Christmas around the world > traditions

Here are some Christmas traditions celebrated in other countries.

• Australia > Christmas in Australia is often very hot. A traditional meal includes a turkey dinner, with ham and pork. A flaming Christmas plum pudding is added for dessert. Australian families and tourists often celebrate Christmas at the beach or pool. Carols by candlelight is held on Christmas Eve, and tens of thousands of people gather in Melbourne to sing their favorite Christmas songs.

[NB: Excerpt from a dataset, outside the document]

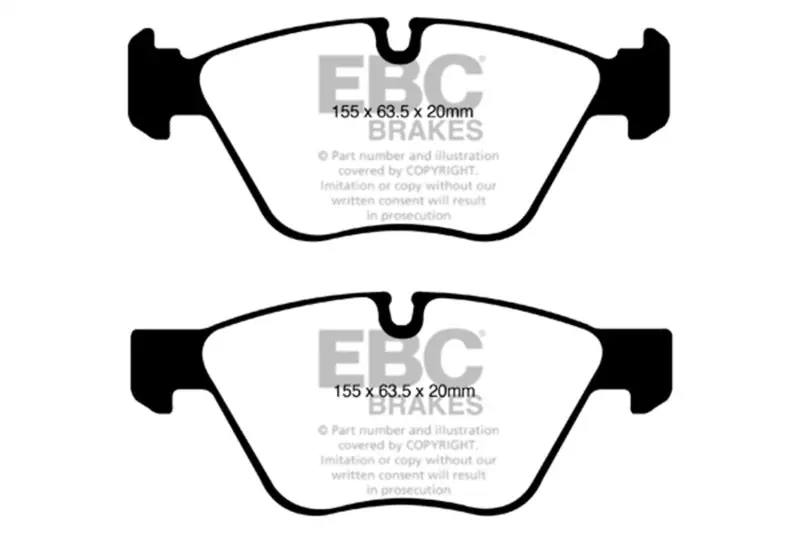 Ebc 08-10 Bmw 128 3.0 Yellowstuff Front Brake Pads 1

• Belgium > In Belgium, there are two Santa Claus figures, St. Nicholas and Pere Noel. St Nicholas visits those who speak the Waloon language, twice. He first arrives on December 4, to find out which children have been good and which have been bad. On December 6, if a child is good, he returns with presents. Bad children receive twigs inside their shoes or in small baskets. Pere Noel and his companion Pere Fouettard visit those who speak French. Good children receive chocolates and candies. Bad children are more likely to receive a handful of sticks. Christmas for both gift-givers is December 6, the feast of St Nicholas.

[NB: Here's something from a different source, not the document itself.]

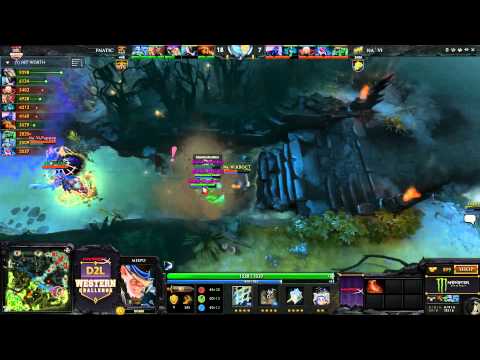 HyperX D2L Western Challenge Playoffs - Na'Vi vs Fnatic (Game 3)
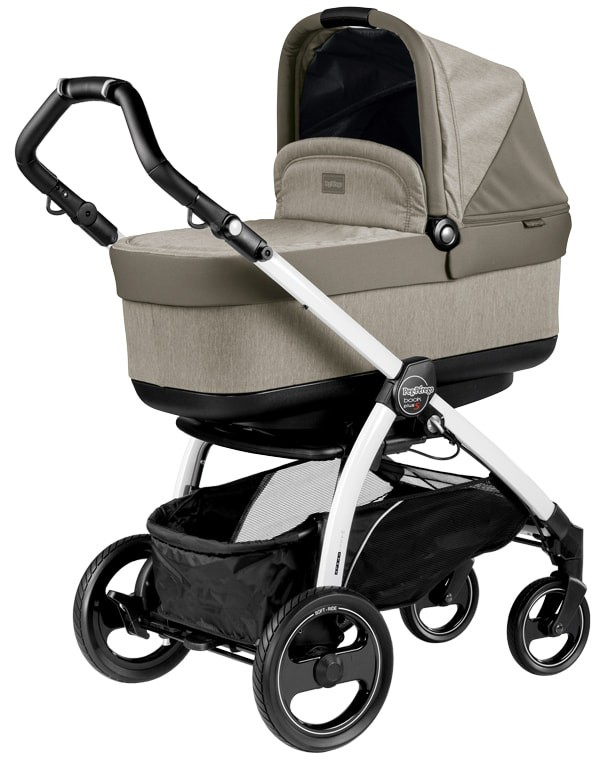 Коляска для новорожденных Peg Perego Book S Pop-Up (шасси White/Black) Cream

• China > The Christian children of China decorate trees with colorful ornaments. They also hang muslin stockings hoping that Christmas Old Man will fill them with gifts and treats. The Chinese Christmas trees are called Trees of Light.

• India > Christians in India decorate banana or mango trees. They also light small oil-burning lamps as Christmas decorations and fill their churches with red flowers. They give presents to family members and baksheesh, or charity, to the poor people. In southern India, Christians put small clay lamps on the rooftops and walls of their houses at Christmas, just as the Hindus do during their Diwali festival.

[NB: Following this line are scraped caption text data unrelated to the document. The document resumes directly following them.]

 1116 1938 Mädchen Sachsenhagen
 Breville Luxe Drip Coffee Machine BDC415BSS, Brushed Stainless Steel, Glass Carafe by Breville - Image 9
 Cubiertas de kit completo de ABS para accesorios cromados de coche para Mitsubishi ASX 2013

• Nicaragua > Christmas begins officially on Dec. 6 in Nicaragua, but actual activities begin on December 16. Every home contains a manger scene. From December 16 until the Christmas Eve Mass, prayer is held each evening in the home, followed by refreshments and the singing of carols. Christmas Day is celebrated with much fun and eating, fireworks and dancing.

• Russia > In Russia the religious festival of Christmas is being replaced by the Festival of Winter, but there are some traditions that are still kept up in some parts of the country. In the traditional Russian Christmas, which is observed on January 7, special prayers are said and people fast, sometimes for 39 days, until Christmas Eve, which is January 6 in Russia. On Christmas Day, hymns and carols are sung. People gather in churches, which have been decorated with the usual Christmas trees or Yelka, flowers and colored lights. Babushka is a traditional Christmas figure who distributes presents to children.

• Syria > In Syria on December 6, a special Mass is held in churches in honor of St. Nicholas Thaumaturgus. On Christmas Eve everyone in the family carries a lit candle to an unlit bonfire outside their house. The youngest child, usually the son of the family, reads the Christmas story, after which the bonfire is lit. The way the flames spread shows the luck of the house in the coming year. When the fire burns, psalms are sung, and when it sinks, everyone leaps over the embers making wishes. Early on Christmas morning everyone goes to Mass. It is on New Year’s Day that children receive presents.

• Wales > Every year at Christmas, carol singing is the most enjoyed activity. Caroling is called eisteddfodde and is often accompanied by a harp. Christmas is spent with lots of people gathering in the public square for the announcement of who has won the prize for submitting the best music for a new carol. Taffy making is one of the most important of the Welsh Christmas. The Welsh people maintain most of the traditional customs associated with England.